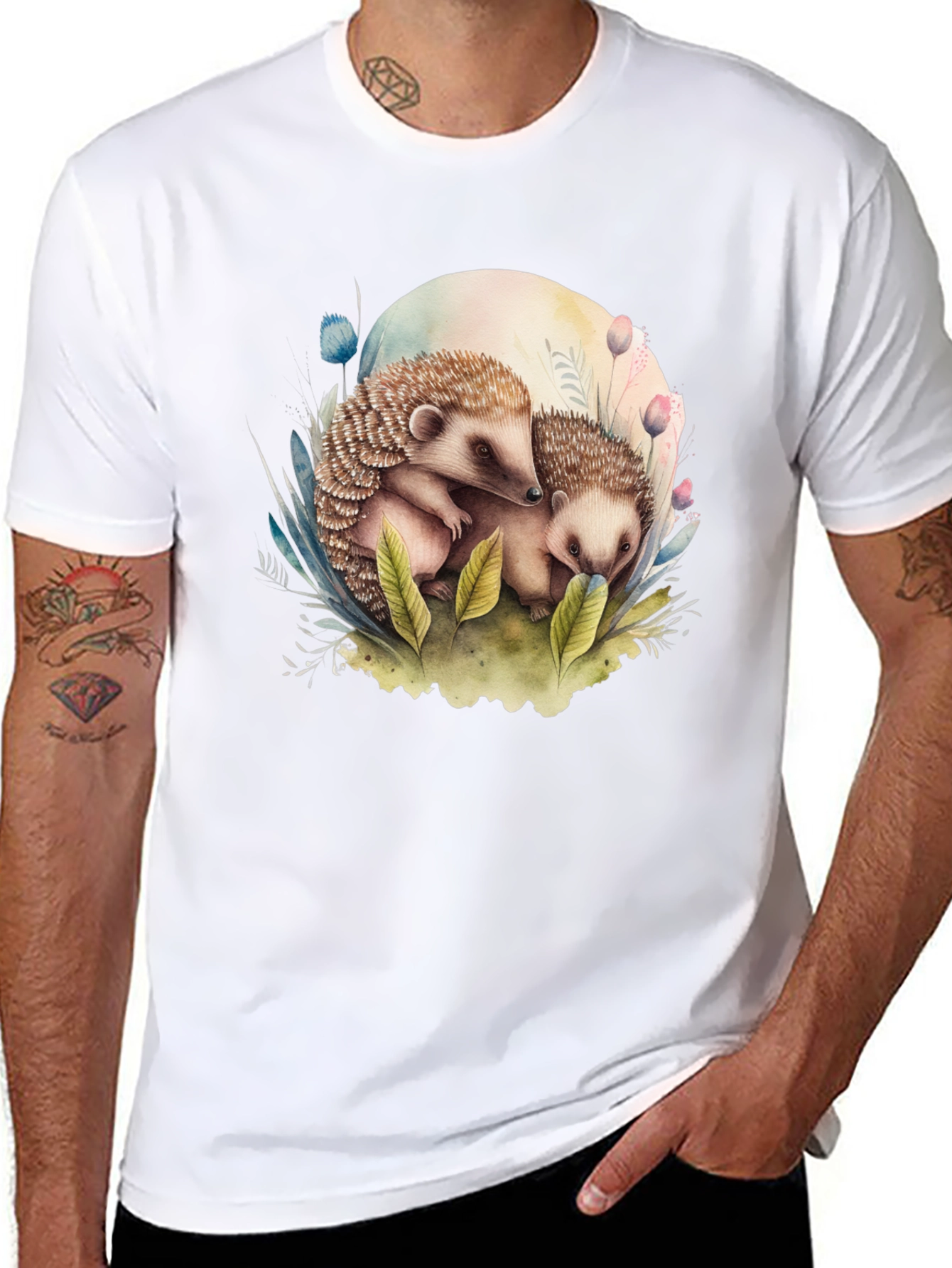 Cute Hedgehog Graphic Tee - Black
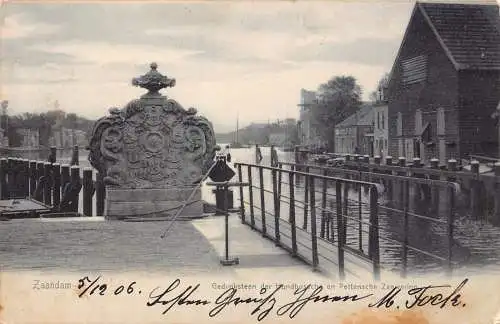 A205 Niederlande 1906 Zaandam Gedenksteen Hondbossche Pettensche Postkarte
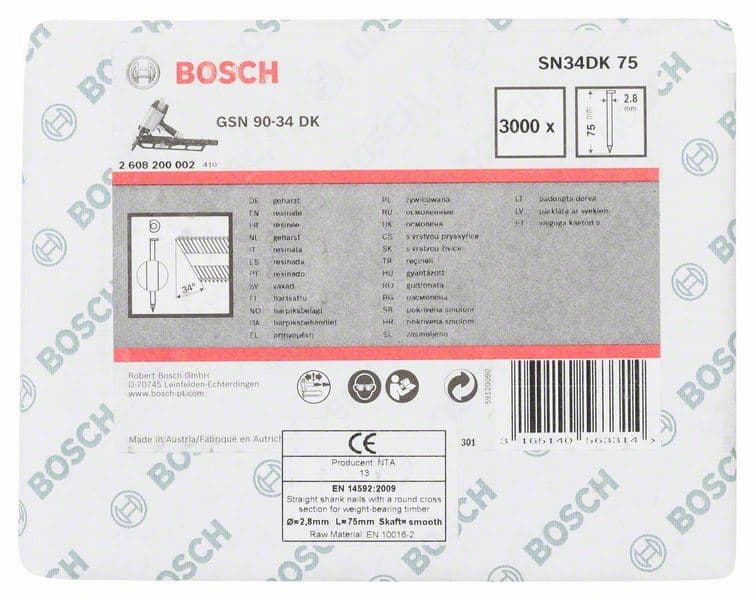 Ekser sa prugama D–glava SN34DK 75 Bosch 2608200002, 2,8 mm, 75 mm, čista, glatka - slika 2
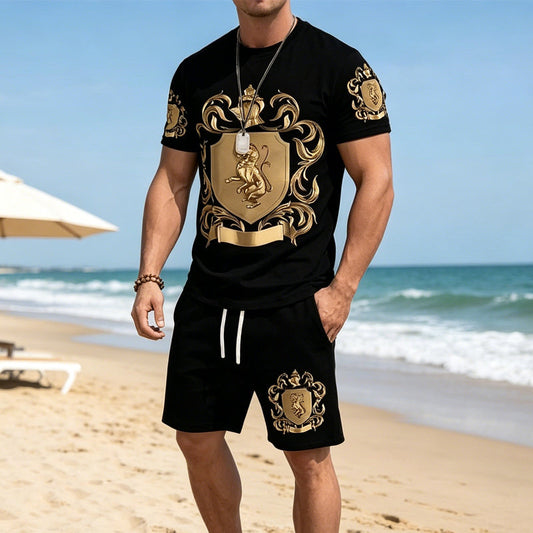 👕 NU 50% KORTING! 👑 Set met T-shirt en korte broek met Gold Crest-print voor heren – Stijlvol, ademend en perfect voor ontspannen zomerdagen of sportieve looks 🩳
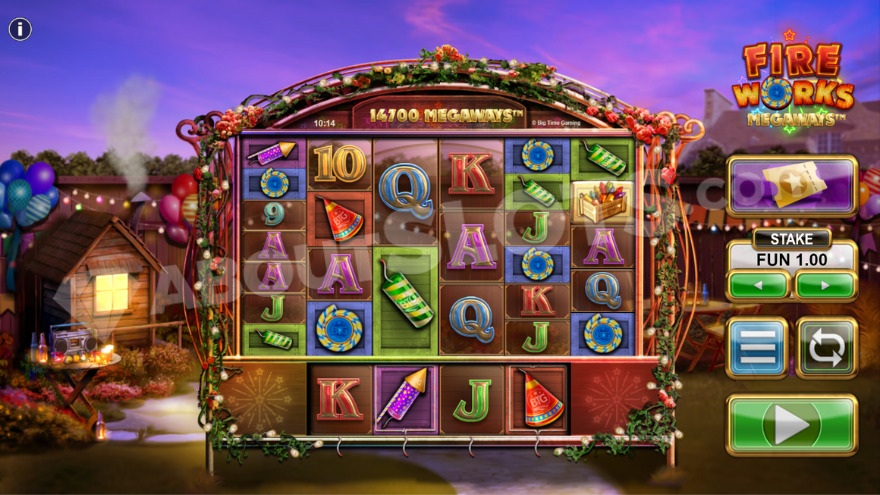 Base game view showcasing a calm cityscape before the fireworks begin.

**Task brief:** An exact copy of the lines from the one with "A205 Niederlande 1906" through the end of the records: produce that and nothing more, leaving out the pictures.

**Answer to the problem:**
 A205 Niederlande 1906 Zaandam Gedenksteen Hondbossche Pettensche Postkarte
 Ekser sa prugama D–glava SN34DK 75 Bosch 2608200002, 2,8 mm, 75 mm, čista, glatka - slika 2
 👕 NU 50% KORTING! 👑 Set met T-shirt en korte broek met Gold Crest-print voor heren – Stijlvol, ademend en perfect voor ontspannen zomerdagen of sportieve looks 🩳
 Base game view showcasing a calm cityscape before the fireworks begin.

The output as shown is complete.